Try it
Only the closing portion of the entries is to be reproduced: the line containing "Gourmands disent ..." through the very last line, exactly as written.

Data section start

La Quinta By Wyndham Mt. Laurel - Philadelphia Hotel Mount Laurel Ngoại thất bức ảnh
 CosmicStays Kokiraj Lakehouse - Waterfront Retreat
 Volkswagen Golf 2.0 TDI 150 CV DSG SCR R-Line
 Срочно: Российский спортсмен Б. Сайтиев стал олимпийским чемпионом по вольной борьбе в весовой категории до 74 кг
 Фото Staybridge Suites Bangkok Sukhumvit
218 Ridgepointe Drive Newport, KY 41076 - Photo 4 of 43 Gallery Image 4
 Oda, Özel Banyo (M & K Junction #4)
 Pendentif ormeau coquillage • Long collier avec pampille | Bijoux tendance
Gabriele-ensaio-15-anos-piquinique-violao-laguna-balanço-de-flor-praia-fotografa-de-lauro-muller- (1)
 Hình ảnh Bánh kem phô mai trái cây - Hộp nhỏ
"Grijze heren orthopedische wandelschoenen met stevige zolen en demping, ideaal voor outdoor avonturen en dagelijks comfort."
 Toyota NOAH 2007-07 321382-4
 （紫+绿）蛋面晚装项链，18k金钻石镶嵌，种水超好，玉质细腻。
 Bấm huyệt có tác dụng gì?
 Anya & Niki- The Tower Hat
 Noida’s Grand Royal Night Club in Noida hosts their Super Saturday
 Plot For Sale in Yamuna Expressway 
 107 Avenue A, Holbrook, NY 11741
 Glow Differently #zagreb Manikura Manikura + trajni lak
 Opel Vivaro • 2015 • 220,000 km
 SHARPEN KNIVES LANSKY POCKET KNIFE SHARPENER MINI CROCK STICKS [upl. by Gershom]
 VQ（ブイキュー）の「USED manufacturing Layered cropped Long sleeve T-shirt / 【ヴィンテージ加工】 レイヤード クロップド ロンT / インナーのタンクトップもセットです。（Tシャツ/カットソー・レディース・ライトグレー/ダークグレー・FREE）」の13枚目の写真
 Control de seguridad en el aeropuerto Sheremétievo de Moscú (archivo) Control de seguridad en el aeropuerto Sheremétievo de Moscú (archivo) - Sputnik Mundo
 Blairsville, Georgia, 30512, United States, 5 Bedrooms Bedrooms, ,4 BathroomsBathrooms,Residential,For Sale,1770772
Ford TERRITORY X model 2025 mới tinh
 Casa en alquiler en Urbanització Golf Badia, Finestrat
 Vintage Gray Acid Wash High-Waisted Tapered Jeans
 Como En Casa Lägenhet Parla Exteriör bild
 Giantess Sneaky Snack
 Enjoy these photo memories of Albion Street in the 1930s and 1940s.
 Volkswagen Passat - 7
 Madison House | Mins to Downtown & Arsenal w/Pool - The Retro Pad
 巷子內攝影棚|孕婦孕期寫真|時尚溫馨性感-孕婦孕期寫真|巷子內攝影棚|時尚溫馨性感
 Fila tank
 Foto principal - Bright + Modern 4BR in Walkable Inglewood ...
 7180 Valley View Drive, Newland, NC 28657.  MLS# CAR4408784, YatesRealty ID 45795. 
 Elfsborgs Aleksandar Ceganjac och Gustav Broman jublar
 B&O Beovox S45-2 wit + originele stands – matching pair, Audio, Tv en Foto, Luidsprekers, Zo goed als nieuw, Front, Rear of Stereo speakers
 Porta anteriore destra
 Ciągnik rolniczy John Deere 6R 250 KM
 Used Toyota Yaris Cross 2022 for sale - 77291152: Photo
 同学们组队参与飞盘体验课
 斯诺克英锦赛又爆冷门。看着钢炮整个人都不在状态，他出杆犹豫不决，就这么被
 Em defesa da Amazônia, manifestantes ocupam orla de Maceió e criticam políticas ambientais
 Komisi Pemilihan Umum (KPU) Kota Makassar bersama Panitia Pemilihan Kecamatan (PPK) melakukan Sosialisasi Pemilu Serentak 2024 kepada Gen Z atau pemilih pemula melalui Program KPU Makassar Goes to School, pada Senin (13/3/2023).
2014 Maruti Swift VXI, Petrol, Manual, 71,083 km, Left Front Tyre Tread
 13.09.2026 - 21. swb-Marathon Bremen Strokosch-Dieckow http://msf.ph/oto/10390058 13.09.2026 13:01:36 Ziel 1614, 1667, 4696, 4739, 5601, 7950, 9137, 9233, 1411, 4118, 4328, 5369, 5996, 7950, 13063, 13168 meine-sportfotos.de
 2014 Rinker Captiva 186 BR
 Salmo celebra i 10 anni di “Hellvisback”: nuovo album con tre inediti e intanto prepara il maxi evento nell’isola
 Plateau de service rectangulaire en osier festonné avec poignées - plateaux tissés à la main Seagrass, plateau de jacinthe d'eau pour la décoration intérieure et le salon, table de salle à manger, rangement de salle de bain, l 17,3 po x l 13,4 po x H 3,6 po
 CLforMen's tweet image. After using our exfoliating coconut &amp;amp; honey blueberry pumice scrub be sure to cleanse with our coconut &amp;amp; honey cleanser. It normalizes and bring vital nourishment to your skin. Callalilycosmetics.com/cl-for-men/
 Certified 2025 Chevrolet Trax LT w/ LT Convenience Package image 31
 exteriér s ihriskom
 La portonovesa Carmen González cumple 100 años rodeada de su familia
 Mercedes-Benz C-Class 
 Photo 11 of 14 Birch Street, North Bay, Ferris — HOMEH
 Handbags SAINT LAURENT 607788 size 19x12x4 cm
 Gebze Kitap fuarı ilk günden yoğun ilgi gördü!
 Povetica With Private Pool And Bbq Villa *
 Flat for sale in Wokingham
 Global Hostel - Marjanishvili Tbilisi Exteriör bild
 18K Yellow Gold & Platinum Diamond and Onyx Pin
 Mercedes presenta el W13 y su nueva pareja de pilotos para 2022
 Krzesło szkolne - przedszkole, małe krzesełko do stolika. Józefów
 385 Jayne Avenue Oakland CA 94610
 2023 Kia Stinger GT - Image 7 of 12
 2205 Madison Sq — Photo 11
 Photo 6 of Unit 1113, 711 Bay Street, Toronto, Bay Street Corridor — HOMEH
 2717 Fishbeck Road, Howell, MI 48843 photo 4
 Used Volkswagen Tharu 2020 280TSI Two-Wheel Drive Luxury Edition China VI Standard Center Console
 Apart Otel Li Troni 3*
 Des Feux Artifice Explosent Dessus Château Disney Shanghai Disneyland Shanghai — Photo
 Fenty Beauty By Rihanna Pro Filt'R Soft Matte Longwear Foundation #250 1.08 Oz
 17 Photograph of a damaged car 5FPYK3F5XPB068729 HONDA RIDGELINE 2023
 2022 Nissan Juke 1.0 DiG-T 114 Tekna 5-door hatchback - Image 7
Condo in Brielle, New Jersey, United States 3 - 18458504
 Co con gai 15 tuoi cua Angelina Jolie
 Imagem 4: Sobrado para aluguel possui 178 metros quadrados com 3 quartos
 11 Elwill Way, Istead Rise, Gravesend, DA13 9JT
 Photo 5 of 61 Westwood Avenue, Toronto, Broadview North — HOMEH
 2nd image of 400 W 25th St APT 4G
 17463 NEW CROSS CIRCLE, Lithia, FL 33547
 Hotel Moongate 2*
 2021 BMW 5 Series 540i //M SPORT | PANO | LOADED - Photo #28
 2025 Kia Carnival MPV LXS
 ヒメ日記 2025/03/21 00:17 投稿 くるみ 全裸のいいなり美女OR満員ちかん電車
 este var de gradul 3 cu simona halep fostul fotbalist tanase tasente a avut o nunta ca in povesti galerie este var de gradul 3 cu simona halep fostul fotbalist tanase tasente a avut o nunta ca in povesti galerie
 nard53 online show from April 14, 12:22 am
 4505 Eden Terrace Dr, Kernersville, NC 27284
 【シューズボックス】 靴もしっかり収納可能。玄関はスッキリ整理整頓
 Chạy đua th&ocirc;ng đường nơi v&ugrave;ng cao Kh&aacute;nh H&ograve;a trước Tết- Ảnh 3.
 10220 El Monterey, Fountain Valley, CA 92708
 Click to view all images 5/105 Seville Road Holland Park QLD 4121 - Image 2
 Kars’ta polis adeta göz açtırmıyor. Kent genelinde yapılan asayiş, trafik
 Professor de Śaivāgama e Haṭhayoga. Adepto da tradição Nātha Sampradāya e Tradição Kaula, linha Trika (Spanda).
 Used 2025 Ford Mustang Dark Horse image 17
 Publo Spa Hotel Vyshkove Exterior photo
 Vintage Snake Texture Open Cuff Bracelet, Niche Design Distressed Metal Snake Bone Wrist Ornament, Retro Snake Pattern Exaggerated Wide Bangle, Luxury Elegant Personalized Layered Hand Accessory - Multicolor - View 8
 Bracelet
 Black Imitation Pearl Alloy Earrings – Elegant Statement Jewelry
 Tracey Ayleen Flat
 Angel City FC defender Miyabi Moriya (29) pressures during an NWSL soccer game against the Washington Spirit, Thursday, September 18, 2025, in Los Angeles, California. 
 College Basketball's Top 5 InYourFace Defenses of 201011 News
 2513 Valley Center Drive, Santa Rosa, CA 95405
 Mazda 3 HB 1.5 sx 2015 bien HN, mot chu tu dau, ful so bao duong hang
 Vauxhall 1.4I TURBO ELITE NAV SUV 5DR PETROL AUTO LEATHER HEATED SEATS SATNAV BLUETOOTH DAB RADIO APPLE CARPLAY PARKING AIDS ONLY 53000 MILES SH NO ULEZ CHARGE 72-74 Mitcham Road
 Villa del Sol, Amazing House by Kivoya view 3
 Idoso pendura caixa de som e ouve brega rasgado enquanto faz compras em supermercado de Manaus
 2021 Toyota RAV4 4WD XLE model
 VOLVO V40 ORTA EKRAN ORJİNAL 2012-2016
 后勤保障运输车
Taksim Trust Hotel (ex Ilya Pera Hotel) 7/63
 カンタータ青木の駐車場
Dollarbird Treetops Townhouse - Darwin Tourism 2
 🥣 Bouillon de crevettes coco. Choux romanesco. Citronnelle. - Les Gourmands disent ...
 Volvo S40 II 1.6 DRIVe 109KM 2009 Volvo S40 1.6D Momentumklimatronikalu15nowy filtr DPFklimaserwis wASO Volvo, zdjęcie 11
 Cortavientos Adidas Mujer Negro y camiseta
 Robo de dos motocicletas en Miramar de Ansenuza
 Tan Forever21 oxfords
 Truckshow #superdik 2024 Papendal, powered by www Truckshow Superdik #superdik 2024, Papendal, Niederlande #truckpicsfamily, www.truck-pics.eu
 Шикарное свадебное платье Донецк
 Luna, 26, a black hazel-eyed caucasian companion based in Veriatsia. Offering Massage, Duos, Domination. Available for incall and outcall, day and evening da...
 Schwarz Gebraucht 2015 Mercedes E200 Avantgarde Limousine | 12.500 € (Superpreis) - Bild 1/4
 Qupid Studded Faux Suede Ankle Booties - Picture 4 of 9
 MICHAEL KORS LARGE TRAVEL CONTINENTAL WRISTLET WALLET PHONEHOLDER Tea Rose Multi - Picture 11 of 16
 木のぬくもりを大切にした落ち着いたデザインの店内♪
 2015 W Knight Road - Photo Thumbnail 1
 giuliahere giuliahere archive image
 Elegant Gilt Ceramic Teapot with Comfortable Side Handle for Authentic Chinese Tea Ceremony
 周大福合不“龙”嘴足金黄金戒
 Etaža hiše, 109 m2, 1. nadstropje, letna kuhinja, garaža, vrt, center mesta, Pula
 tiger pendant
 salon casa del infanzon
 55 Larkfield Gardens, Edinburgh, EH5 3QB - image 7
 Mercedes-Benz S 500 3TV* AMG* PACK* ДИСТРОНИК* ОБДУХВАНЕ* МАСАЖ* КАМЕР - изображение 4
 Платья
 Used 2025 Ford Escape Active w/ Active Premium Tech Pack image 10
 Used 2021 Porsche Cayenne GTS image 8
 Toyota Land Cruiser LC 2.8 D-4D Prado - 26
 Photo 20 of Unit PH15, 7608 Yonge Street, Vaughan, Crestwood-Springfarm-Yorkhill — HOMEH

Data section end

Answer space
 🥣 Bouillon de crevettes coco. Choux romanesco. Citronnelle. - Les Gourmands disent ...
 Volvo S40 II 1.6 DRIVe 109KM 2009 Volvo S40 1.6D Momentumklimatronikalu15nowy filtr DPFklimaserwis wASO Volvo, zdjęcie 11
 Cortavientos Adidas Mujer Negro y camiseta
 Robo de dos motocicletas en Miramar de Ansenuza
 Tan Forever21 oxfords
 Truckshow #superdik 2024 Papendal, powered by www Truckshow Superdik #superdik 2024, Papendal, Niederlande #truckpicsfamily, www.truck-pics.eu
 Шикарное свадебное платье Донецк
 Luna, 26, a black hazel-eyed caucasian companion based in Veriatsia. Offering Massage, Duos, Domination. Available for incall and outcall, day and evening da...
 Schwarz Gebraucht 2015 Mercedes E200 Avantgarde Limousine | 12.500 € (Superpreis) - Bild 1/4
 Qupid Studded Faux Suede Ankle Booties - Picture 4 of 9
 MICHAEL KORS LARGE TRAVEL CONTINENTAL WRISTLET WALLET PHONEHOLDER Tea Rose Multi - Picture 11 of 16
 木のぬくもりを大切にした落ち着いたデザインの店内♪
 2015 W Knight Road - Photo Thumbnail 1
 giuliahere giuliahere archive image
 Elegant Gilt Ceramic Teapot with Comfortable Side Handle for Authentic Chinese Tea Ceremony
 周大福合不“龙”嘴足金黄金戒
 Etaža hiše, 109 m2, 1. nadstropje, letna kuhinja, garaža, vrt, center mesta, Pula
 tiger pendant
 salon casa del infanzon
 55 Larkfield Gardens, Edinburgh, EH5 3QB - image 7
 Mercedes-Benz S 500 3TV* AMG* PACK* ДИСТРОНИК* ОБДУХВАНЕ* МАСАЖ* КАМЕР - изображение 4
 Платья
 Used 2025 Ford Escape Active w/ Active Premium Tech Pack image 10
 Used 2021 Porsche Cayenne GTS image 8
 Toyota Land Cruiser LC 2.8 D-4D Prado - 26
 Photo 20 of Unit PH15, 7608 Yonge Street, Vaughan, Crestwood-Springfarm-Yorkhill — HOMEH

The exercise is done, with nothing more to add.